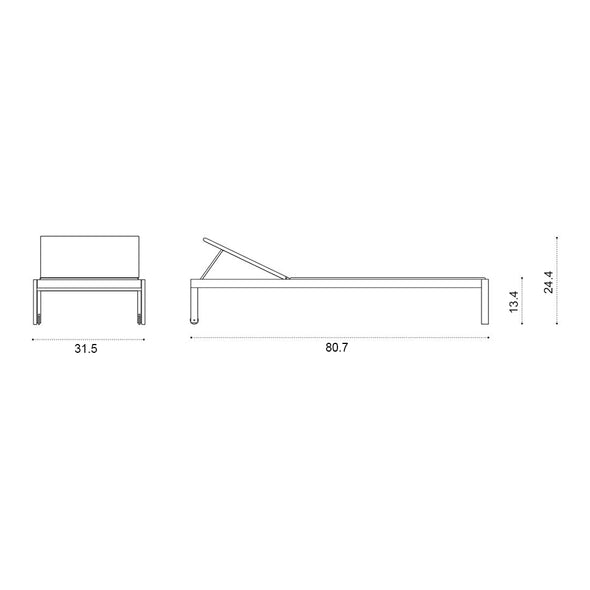 Allaperto Outdoor Sunbed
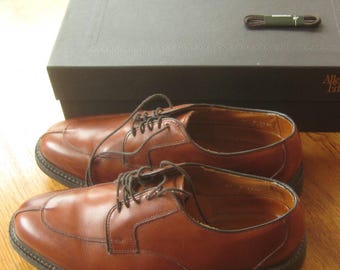 Allen Edmonds Ashton Mens Shoes 8.5D Chili Brown Split Toe Lace Up 1628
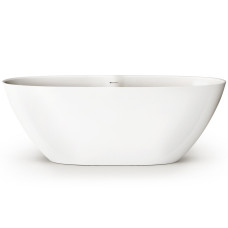 PAA VAPERL175/00 Perla Ванна окремостояча 175см з литого (штучного) каменю, з інтегрованим сифоном, колір білий глянець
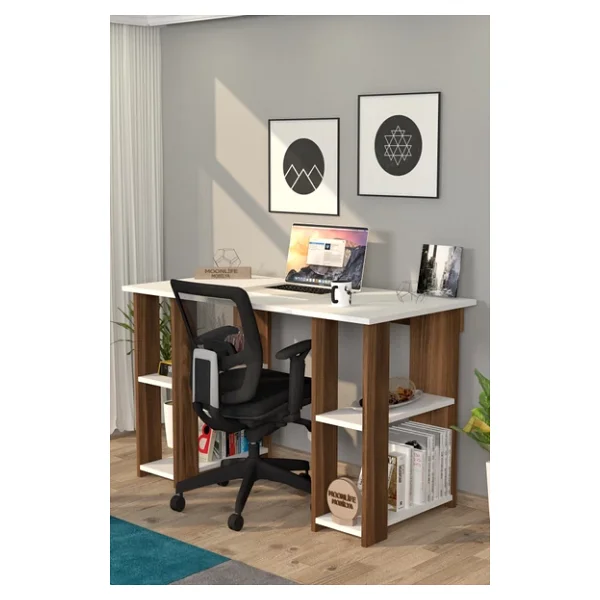 Moonlife Hipo Kitaplıklı Çalışma Masası - Görsel 3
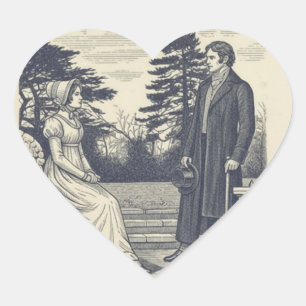 Sticker Cœur Scène de Darcy & Elizabeth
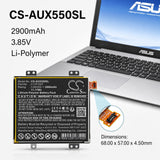 Asus X550 Battery 3.85V 2900mAh - Compatible Replacement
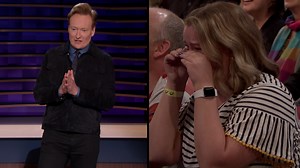 That time Conan accidentally made an audience member cry. #CONAN | Team Coco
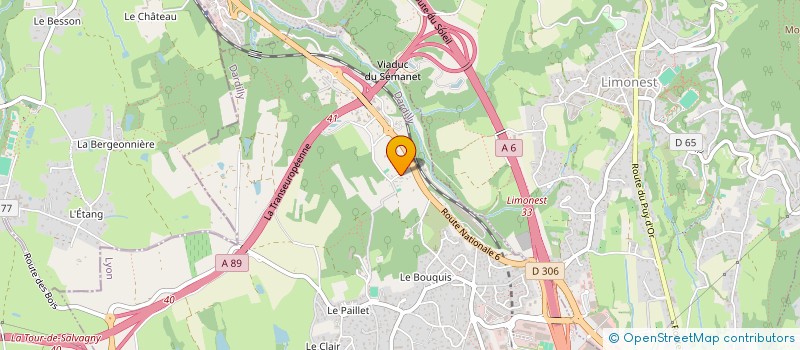 localisation de l'entreprise S.R.D.  DARDILLY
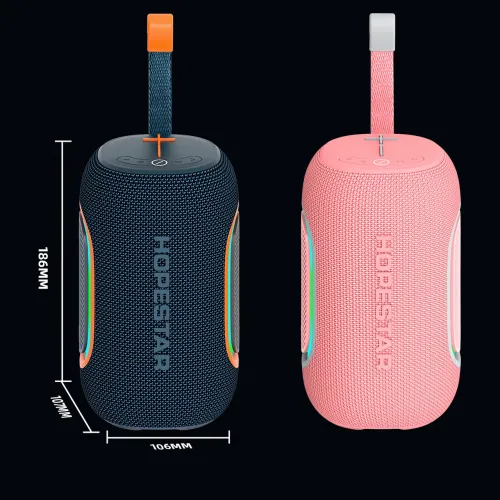 Колонка бездротова маленька Hopestar p65, 20 W, 3000 mAh, вологозахищена Ipx 6 - фото 8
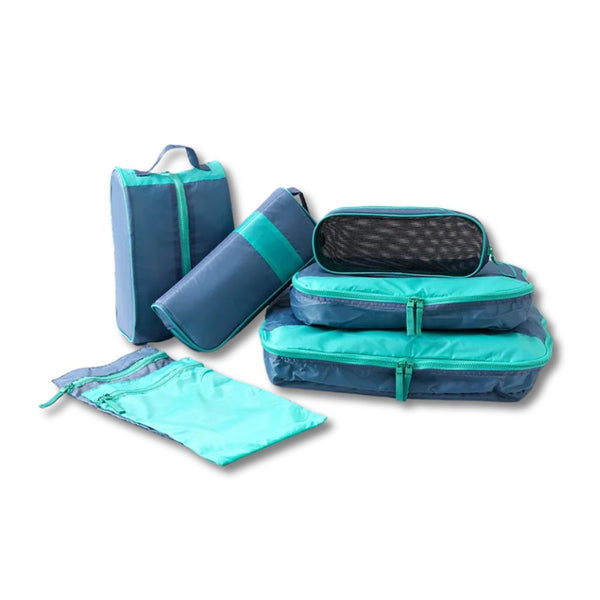 Nila - Waterproof Compression Travel Packing Cubes  Set (7 Pieces)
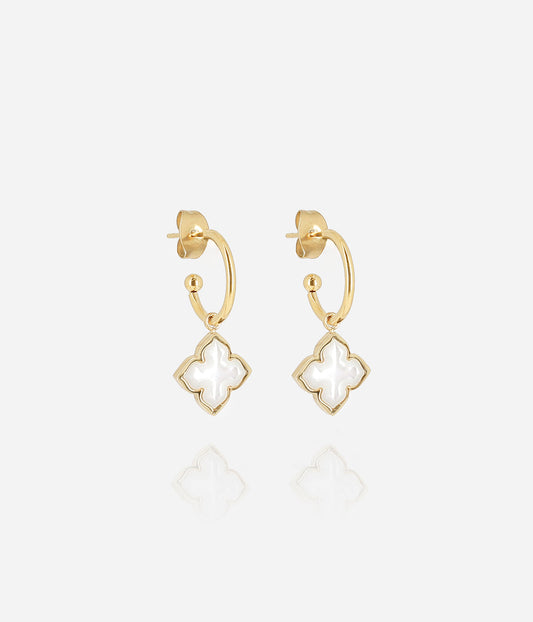 Boucles d'oreilles Racine (Acier doré)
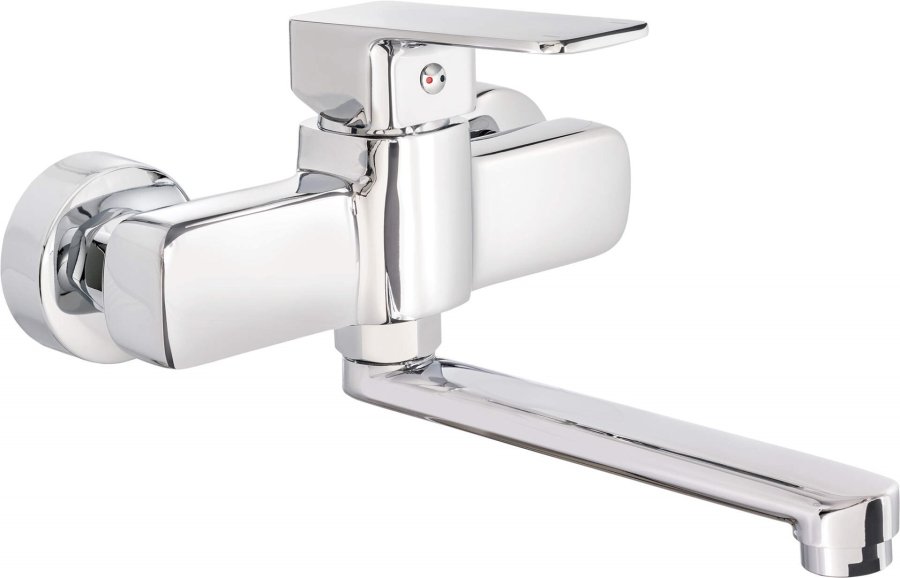 Wall-mounted washbasin mixer #1
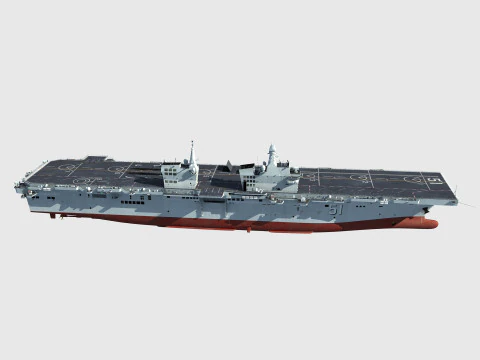 Type 076 Yulan Class Amphibious Assault Ship 3D Model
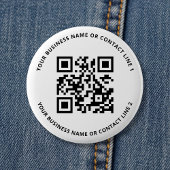 QR Code Business Template White  Button
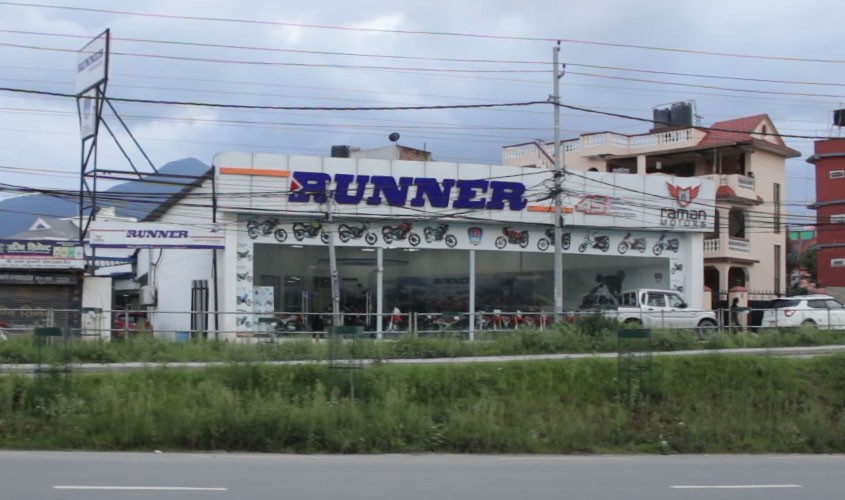 Runner Hawk showroom in nepal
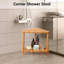 2-Tier Waterproof Shower Foot Rest For Shaving Legs, Shower Seat For Inside Small Shower Spaces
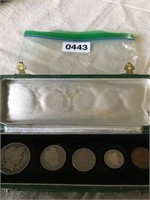 Unique & Vintage set of 5 coins.  SEE PICS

______

The material above is to be repeated word for word, with no images kept.

 Allaperto Outdoor Sunbed
 Allen Edmonds Ashton Mens Shoes 8.5D Chili Brown Split Toe Lace Up 1628
 PAA VAPERL175/00 Perla Ванна окремостояча 175см з литого (штучного) каменю, з інтегрованим сифоном, колір білий глянець
 Moonlife Hipo Kitaplıklı Çalışma Masası - Görsel 3
 Sticker Cœur Scène de Darcy & Elizabeth
 Asus X550 Battery 3.85V 2900mAh - Compatible Replacement
 That time Conan accidentally made an audience member cry. #CONAN | Team Coco
 localisation de l'entreprise S.R.D.  DARDILLY
 Колонка бездротова маленька Hopestar p65, 20 W, 3000 mAh, вологозахищена Ipx 6 - фото 8
 Nila - Waterproof Compression Travel Packing Cubes  Set (7 Pieces)
 Boucles d'oreilles Racine (Acier doré)
 Wall-mounted washbasin mixer #1
 Type 076 Yulan Class Amphibious Assault Ship 3D Model
 QR Code Business Template White  Button
 Runner Hawk showroom in nepal
 2-Tier Waterproof Shower Foot Rest For Shaving Legs, Shower Seat For Inside Small Shower Spaces
 Unique & Vintage set of 5 coins.  SEE PICS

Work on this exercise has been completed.